Lo spettacolo vive in funzione dei suoi interpreti che, nel 1981, erano stati Gianni Santuccio e Umberto Orsini, con la regia di Lavia e che un decennio dopo, ebbe come interpreti Turi Ferro e Piero Sammataro, con la regia di Carmelo Ferro che firma anche quella di Geppy Gleijeses, la cui maturità interpretativa è senza precedenti e di Maurizio Micheli che , come un attore anglosassone, rispetta, però, tutti i tempi del “brillante” italiano.

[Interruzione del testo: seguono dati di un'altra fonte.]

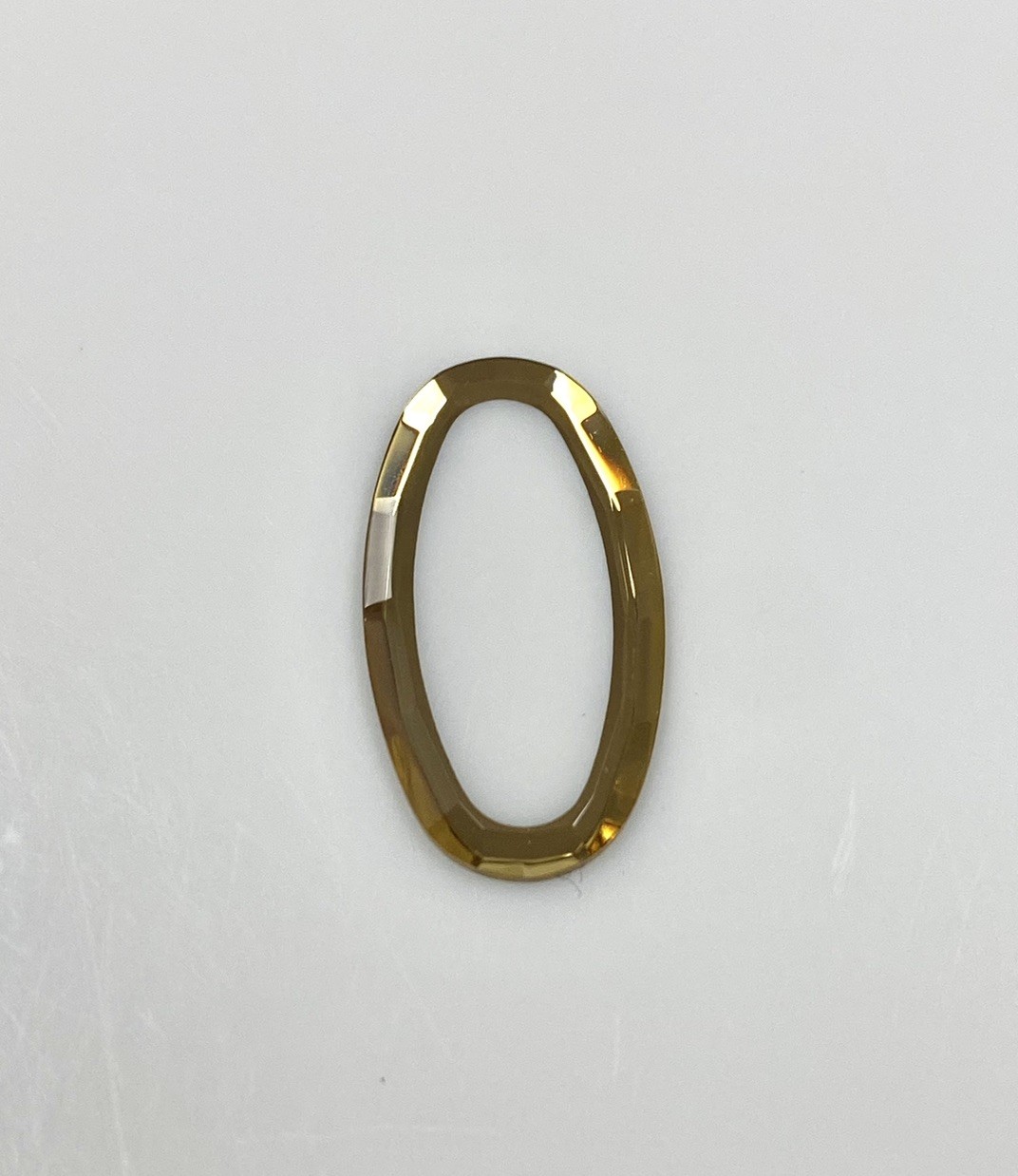 Citizen 54-H0829 19.5mm x 10.5mm Gold Trim Watch Crystal for 4-S49925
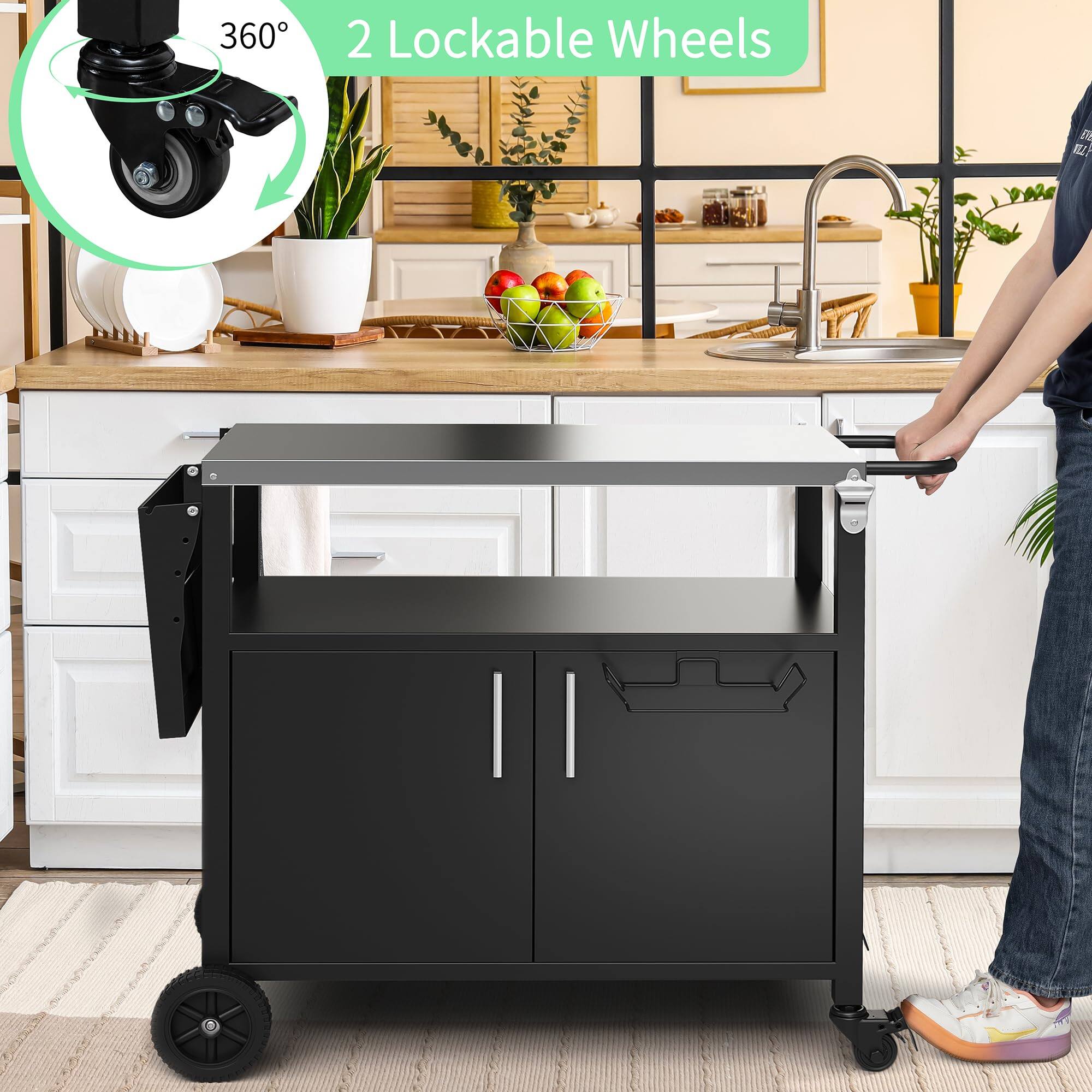 360° 2 Lockable Wheels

Ciò che si nota, in particolare, è un forma di distanziazione, necessaria per evitare il pericolo dell’immedesimazione, e che è diventata uno “stile” recitativo da parte di Geppy che potrebbe, addirittura, interpretare “Arturo Ui“.
Come si è capito, non si tratta dell’ennesima commedia del Teatro nel Teatro, benché la scena tripartita, con un grande camerino in proscenio, con un retro palco, dove accade di tutto e con un telo bianco che lo separa dal palcoscenico dove vengono recitati alcuni passi della “Tempesta”, come ombre cinesi, ma si tratta di una commedia che porta, al centro della scena, l’Attore, genio e sregolatezza, come “Kean”, evocato da una battuta di Ser, mentre firma l’autografo a una giovane attrice. Un vero e proprio inno al Teatro.

Lo spettacolo debutterà a Bologna, Teatro Duse, il 28-29-30 ottobre, successivamente, dopo un giro in Provincia, sarà in scena, al Carignano di Torino, dal 15 al 27 novembre.